__EXERCISE REQUIREMENTS__. Your output should be the line with "Biscuits and Cookies: A" plus all following lines to the end of the records, exactly as written and nothing more.

__GIVEN RECORDS__.
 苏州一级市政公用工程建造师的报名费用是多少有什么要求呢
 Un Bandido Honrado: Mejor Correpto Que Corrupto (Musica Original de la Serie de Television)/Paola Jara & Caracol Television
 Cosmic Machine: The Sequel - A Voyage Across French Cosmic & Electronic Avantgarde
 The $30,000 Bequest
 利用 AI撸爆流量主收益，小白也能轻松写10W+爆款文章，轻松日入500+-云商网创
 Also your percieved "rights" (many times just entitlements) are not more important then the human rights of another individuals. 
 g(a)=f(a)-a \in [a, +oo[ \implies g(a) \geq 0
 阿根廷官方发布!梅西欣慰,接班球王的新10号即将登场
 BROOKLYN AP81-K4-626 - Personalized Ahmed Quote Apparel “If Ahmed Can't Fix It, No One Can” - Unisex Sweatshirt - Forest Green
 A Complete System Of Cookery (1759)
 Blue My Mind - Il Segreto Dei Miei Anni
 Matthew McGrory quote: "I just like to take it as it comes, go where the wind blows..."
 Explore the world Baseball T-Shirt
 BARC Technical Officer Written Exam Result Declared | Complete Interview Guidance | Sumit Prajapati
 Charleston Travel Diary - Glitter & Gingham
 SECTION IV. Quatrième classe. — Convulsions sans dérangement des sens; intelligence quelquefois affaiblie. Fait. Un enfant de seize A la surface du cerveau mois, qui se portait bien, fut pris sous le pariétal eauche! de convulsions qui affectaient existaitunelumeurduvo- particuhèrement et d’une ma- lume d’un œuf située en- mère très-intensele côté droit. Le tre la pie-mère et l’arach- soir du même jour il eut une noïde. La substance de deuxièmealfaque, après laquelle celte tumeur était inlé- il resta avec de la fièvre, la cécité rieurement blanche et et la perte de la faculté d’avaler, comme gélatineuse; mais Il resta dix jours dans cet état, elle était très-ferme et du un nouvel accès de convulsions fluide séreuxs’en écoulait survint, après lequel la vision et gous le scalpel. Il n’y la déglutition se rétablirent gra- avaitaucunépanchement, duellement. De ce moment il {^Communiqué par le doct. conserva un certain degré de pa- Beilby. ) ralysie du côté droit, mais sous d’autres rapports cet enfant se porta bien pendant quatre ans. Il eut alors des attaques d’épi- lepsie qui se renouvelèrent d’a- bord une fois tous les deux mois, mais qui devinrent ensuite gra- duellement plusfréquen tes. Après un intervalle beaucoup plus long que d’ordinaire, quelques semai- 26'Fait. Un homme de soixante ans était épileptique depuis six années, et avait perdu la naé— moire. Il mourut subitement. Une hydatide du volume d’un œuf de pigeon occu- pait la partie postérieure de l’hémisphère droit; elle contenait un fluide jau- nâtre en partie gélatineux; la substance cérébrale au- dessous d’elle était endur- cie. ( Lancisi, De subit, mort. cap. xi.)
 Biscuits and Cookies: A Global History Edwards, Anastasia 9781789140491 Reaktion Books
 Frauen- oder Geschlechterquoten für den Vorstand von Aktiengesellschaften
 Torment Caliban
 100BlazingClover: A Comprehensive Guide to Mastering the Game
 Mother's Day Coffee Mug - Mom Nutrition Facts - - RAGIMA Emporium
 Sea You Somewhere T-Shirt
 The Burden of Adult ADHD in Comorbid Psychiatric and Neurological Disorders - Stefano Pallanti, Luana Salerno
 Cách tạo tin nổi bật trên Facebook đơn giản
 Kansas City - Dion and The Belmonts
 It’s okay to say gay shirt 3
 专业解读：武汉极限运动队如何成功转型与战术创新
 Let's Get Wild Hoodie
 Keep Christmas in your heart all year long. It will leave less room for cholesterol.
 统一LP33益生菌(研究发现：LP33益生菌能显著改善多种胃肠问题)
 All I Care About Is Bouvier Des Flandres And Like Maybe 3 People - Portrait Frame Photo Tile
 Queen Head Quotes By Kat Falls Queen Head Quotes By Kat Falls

__REPLY__.
 Biscuits and Cookies: A Global History Edwards, Anastasia 9781789140491 Reaktion Books
 Frauen- oder Geschlechterquoten für den Vorstand von Aktiengesellschaften
 Torment Caliban
 100BlazingClover: A Comprehensive Guide to Mastering the Game
 Mother's Day Coffee Mug - Mom Nutrition Facts - - RAGIMA Emporium
 Sea You Somewhere T-Shirt
 The Burden of Adult ADHD in Comorbid Psychiatric and Neurological Disorders - Stefano Pallanti, Luana Salerno
 Cách tạo tin nổi bật trên Facebook đơn giản
 Kansas City - Dion and The Belmonts
 It’s okay to say gay shirt 3
 专业解读：武汉极限运动队如何成功转型与战术创新
 Let's Get Wild Hoodie
 Keep Christmas in your heart all year long. It will leave less room for cholesterol.
 统一LP33益生菌(研究发现：LP33益生菌能显著改善多种胃肠问题)
 All I Care About Is Bouvier Des Flandres And Like Maybe 3 People - Portrait Frame Photo Tile
 Queen Head Quotes By Kat Falls Queen Head Quotes By Kat Falls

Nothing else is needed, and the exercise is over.